Exercise data ▸

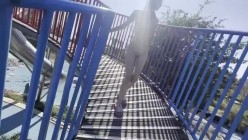 苗条文静眼镜美少女各种户外场景大胆露出，天桥，江边各种人前极限露出，人前女神 人后小狗 截图10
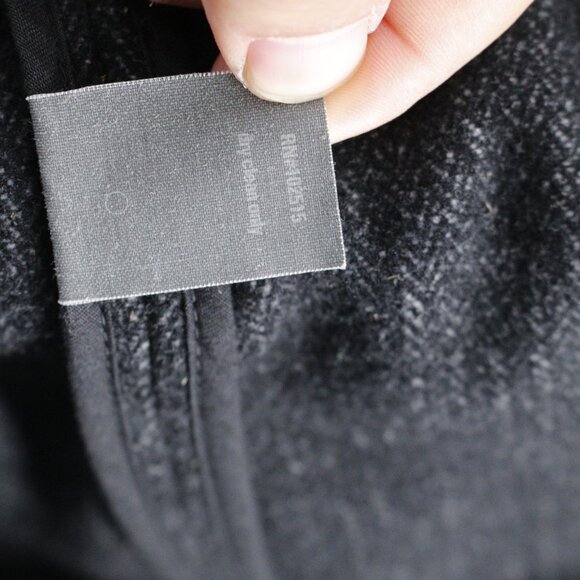 John Varvatos overcoat Men's 42 Double Breasted Wool Blend Herringbone coat peak - Picture 13 of 16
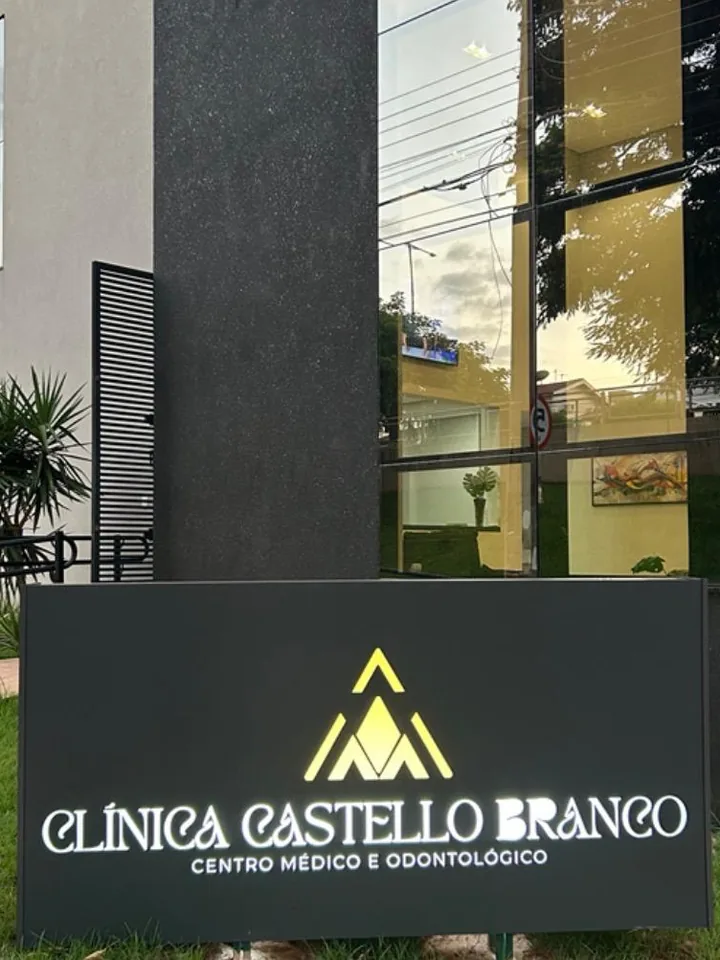Fachada da Clínica Castello Branco, com o letreiro iluminado na entrada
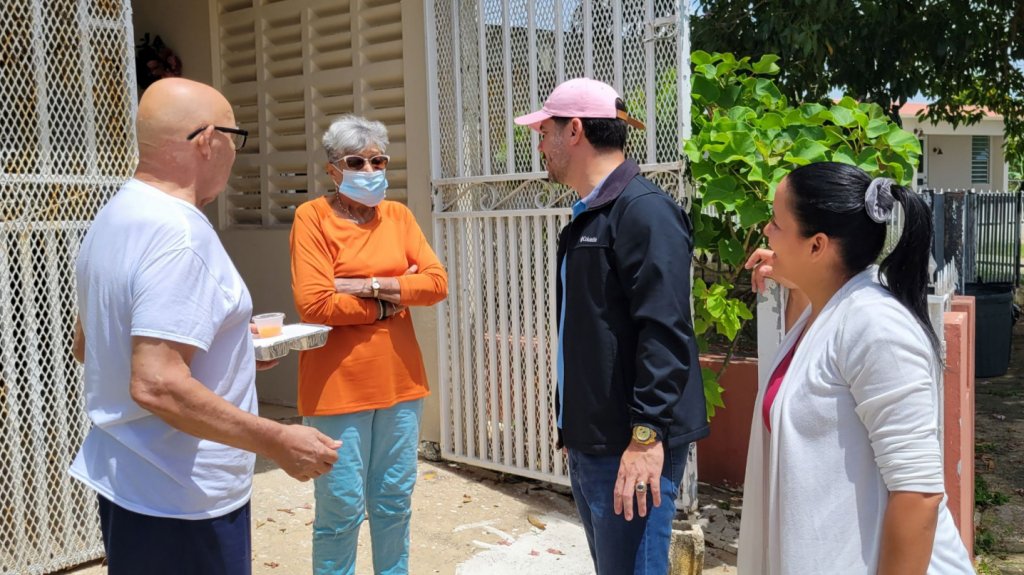  Ceiba ofrece servicio de almuerzos calientes a envejecientes 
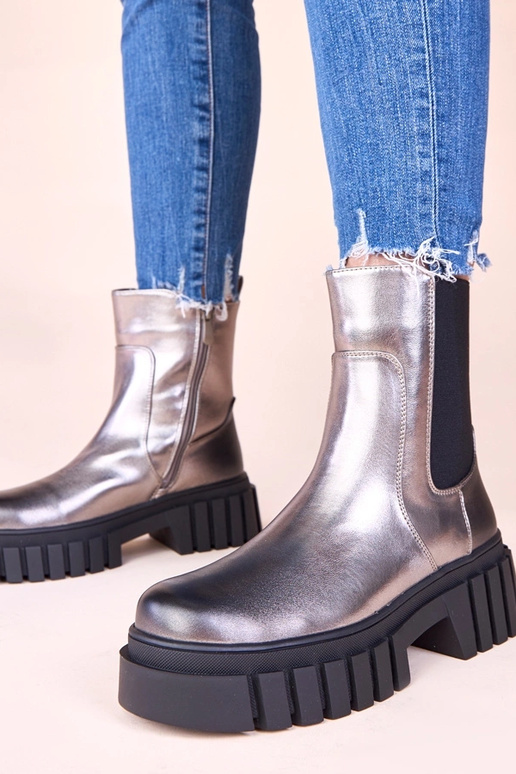 Bottines argentées sur plateforme...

Exercise aim ▸ All the records above need to be given again word for word. Skip the pictures.

Solution for this exercise ▸
 苗条文静眼镜美少女各种户外场景大胆露出，天桥，江边各种人前极限露出，人前女神 人后小狗 截图10
 John Varvatos overcoat Men's 42 Double Breasted Wool Blend Herringbone coat peak - Picture 13 of 16
Fachada da Clínica Castello Branco, com o letreiro iluminado na entrada
  Ceiba ofrece servicio de almuerzos calientes a envejecientes 
 Bottines argentées sur plateforme...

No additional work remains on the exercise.